[Opening THE INPUT section]
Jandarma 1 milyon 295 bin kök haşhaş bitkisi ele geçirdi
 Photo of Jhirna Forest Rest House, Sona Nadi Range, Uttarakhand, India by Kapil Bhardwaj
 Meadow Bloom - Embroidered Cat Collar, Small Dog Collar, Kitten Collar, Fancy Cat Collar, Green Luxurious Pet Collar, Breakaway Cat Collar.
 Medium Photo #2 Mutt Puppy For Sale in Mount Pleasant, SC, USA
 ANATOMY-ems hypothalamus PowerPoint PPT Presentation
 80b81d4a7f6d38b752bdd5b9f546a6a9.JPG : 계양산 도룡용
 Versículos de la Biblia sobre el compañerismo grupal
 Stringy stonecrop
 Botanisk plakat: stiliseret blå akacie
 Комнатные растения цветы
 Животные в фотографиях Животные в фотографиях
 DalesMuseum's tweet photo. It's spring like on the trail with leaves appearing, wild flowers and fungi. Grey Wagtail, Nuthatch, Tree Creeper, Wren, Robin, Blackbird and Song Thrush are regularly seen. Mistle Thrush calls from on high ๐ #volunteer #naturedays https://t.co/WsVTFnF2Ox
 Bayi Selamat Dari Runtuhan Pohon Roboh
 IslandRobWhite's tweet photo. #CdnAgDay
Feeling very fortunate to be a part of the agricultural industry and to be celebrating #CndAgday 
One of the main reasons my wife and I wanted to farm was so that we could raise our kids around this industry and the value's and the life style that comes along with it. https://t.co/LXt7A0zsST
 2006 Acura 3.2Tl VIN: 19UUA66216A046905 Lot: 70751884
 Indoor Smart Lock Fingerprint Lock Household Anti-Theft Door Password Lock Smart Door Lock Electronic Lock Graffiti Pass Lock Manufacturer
[Closing THE INPUT section]
### [EXERCISE]
The complete material above is to be retyped word for word.

### [YOUR SOLUTION]
Jandarma 1 milyon 295 bin kök haşhaş bitkisi ele geçirdi
 Photo of Jhirna Forest Rest House, Sona Nadi Range, Uttarakhand, India by Kapil Bhardwaj
 Meadow Bloom - Embroidered Cat Collar, Small Dog Collar, Kitten Collar, Fancy Cat Collar, Green Luxurious Pet Collar, Breakaway Cat Collar.
 Medium Photo #2 Mutt Puppy For Sale in Mount Pleasant, SC, USA
 ANATOMY-ems hypothalamus PowerPoint PPT Presentation
 80b81d4a7f6d38b752bdd5b9f546a6a9.JPG : 계양산 도룡용
 Versículos de la Biblia sobre el compañerismo grupal
 Stringy stonecrop
 Botanisk plakat: stiliseret blå akacie
 Комнатные растения цветы
 Животные в фотографиях Животные в фотографиях
 DalesMuseum's tweet photo. It's spring like on the trail with leaves appearing, wild flowers and fungi. Grey Wagtail, Nuthatch, Tree Creeper, Wren, Robin, Blackbird and Song Thrush are regularly seen. Mistle Thrush calls from on high ๐ #volunteer #naturedays https://t.co/WsVTFnF2Ox
 Bayi Selamat Dari Runtuhan Pohon Roboh
 IslandRobWhite's tweet photo. #CdnAgDay
Feeling very fortunate to be a part of the agricultural industry and to be celebrating #CndAgday 
One of the main reasons my wife and I wanted to farm was so that we could raise our kids around this industry and the value's and the life style that comes along with it. https://t.co/LXt7A0zsST
 2006 Acura 3.2Tl VIN: 19UUA66216A046905 Lot: 70751884
 Indoor Smart Lock Fingerprint Lock Household Anti-Theft Door Password Lock Smart Door Lock Electronic Lock Graffiti Pass Lock Manufacturer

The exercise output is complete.